Savona. Secondo i dati Almalaurea, consorzio Interuniversitario per favorire e monitorare l’inserimento dei laureati nel mondo del lavoro, l’investimento in formazione paga. Anche durante gli anni della crisi e in barba alle statistiche che evidenziano il gap dell’Italia, dove solo il 22% delle persone tra 25 e 34 anni ha una laurea in tasca, rispetto al resto d’Europa che arriva al 37 per cento.
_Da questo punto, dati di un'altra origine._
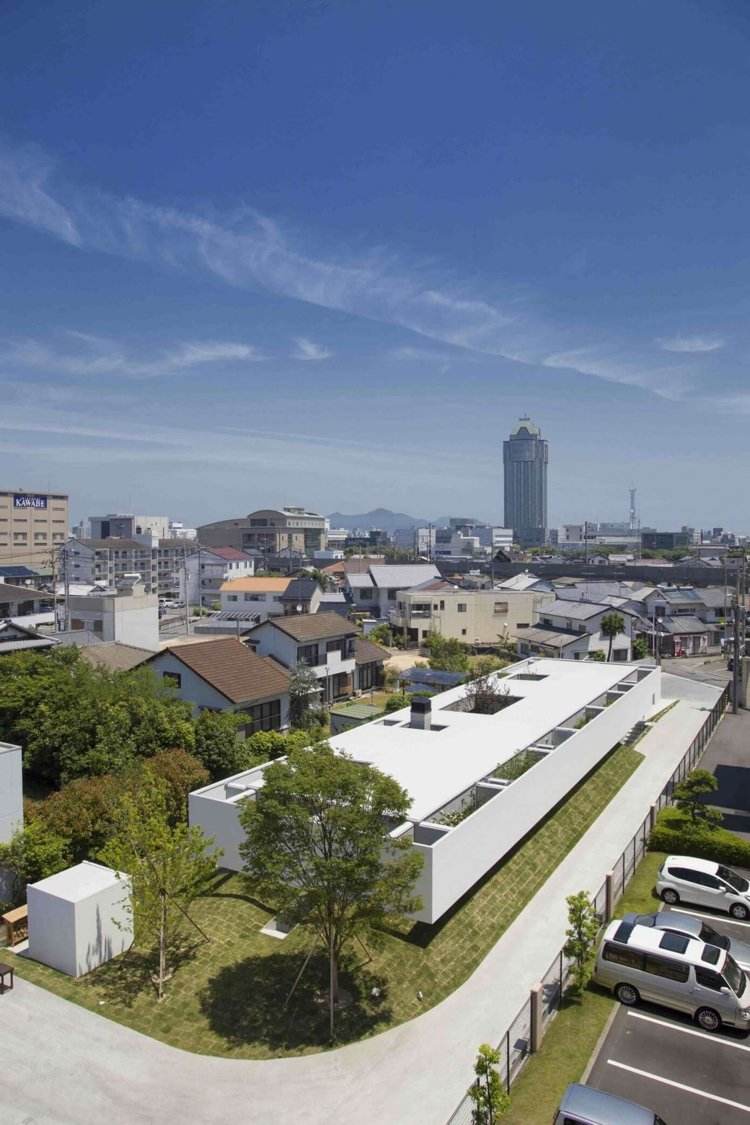 Panoramavindue-interiør-have-minimalistisk-fladt tag-hus-moderne-arkitektur-design-japan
Il XVIII Rapporto AlmaLaurea (2016) sul Profilo e la Condizione occupazionale dei laureati conferma che la mobilità territoriale riflette il profondo divario sociale ed economico che caratterizza le regioni italiane. I flussi di mobilità territoriale evidenziati dalle Indagini sottolineano infatti come negli ultimi 10 anni le regioni del Mezzogiorno abbiano perso costantemente capitale umano, migrato al Centro-Nord. Tuttavia, dal 2003 al 2015 le Università italiane hanno perso nel complesso quasi 70 mila matricole(-20%): per il Sud la contrazione è del 30%, per il Centro è del 22%, per il Nord è del 3%.
La lettura dei principali indicatori, conferma le difficoltà riscontrate sul mercato del lavoro nel corso di questi anni per i laureati, ma mostra il timido emergere nel corso 2015 di alcuni segnali di ripresa del mercato del lavoro: in particolare, tra i neolaureati cala la disoccupazione e aumentano stabilità lavorative e retribuzioni a un anno dal titolo con il tasso di occupazione pari al 67% mentre quello di disoccupazione è del 23%. Tra i neolaureati triennali la stabilità lavorativa, ossia contratti a tempo indeterminato o attività autonome effettive (liberi professionisti, lavoratori in proprio, imprenditori, ecc.), pari nel 2015 al 42%. dei contratti a tempo indeterminato (-15punti percentuali). Esulano da queste considerazioni i riflessi previsti dal Jobs Act e attivati nel corso del 2015. L’avvio della loro applicazione è avvenuta in tempi troppo recenti per consentirne valutazioni accurate, anche perché gli interventi normativi hanno agito in modo differenziato a seconda del settore pubblico o privato. A cinque anni dal titolo il 78%dei laureati è inserito nel settore privato, mentre il 17% in quello pubblico. La restante quota lavora nel non-profit. Le retribuzioni sfiorano i 1.100euro netti mensili.
Ma quali sono le facoltà che consentono uno sbocco lavorativo più “semplice”? A trovare lavoro subito dopo la laurea nel 2015 sono come sempre i laureati in ingegneria e in materie scientifiche, ma anche i medici riscuotono un certo successo: sebbene in calo rispetto agli anni precedenti il settore sanitario regge, con il 56% dei laureati che trovano lavoro in un anno. A seguire, a sorpresa, chi si occupa di insegnamento. Non solo: questo campo è l’unico che i negli ultimi anni registra un aumento dell’occupazione dei neolaureati. Una delle peggiori lauree quanto a prospettive di occupazione è quella di giurisprudenza. Fra i laureati in questa facoltà nel 2015 solo il 23,8% degli studenti ha trovato lavoro a un anno dalla laurea. Tuttavia, la laurea non risulta ultima fra i redditi degli occupati. Fanalino di coda le lauree in campo umanistico, psicologico e quelle nell’ambito politico-sociale nel quale si trova anche la facoltà di scienze politiche.
a Savona dal 2001 ha sede il Campus universitario di Legino dove trovano posto il corso triennale in Infermieristica, Scienze motorie, Scienze della comunicazione, Ingegneria industriale e gestionale, Laurea magistrale in Digital humanities-comunicazione e nuovi media, magistrale in Energy engineering (tenuto in lingua inglese), magistrale in Ingegneria gestionale; triennale in Ingegneria Industriale, gestione energia e ambiente (ad esaurimento) e laurea magistrale in Environmental & energy engineering (anche questa in esaurimento). Il polo conta 1.645 ragazzi iscritti ed è in continua crescita: nell’anno accademico 2016-2017 sono stati il 10% in più rispetto all’anno precedente.
Al di là dei dati, restano criticità sulla qualità e la concretezza degli insegnamentio impartiti nelle Università italiane come sottolinea Tito Boeri, Presidente dell’INPS: “l’Italia ha un sistema universitario che fatica a creare competenze spendibili o crea delle competenze astratte”.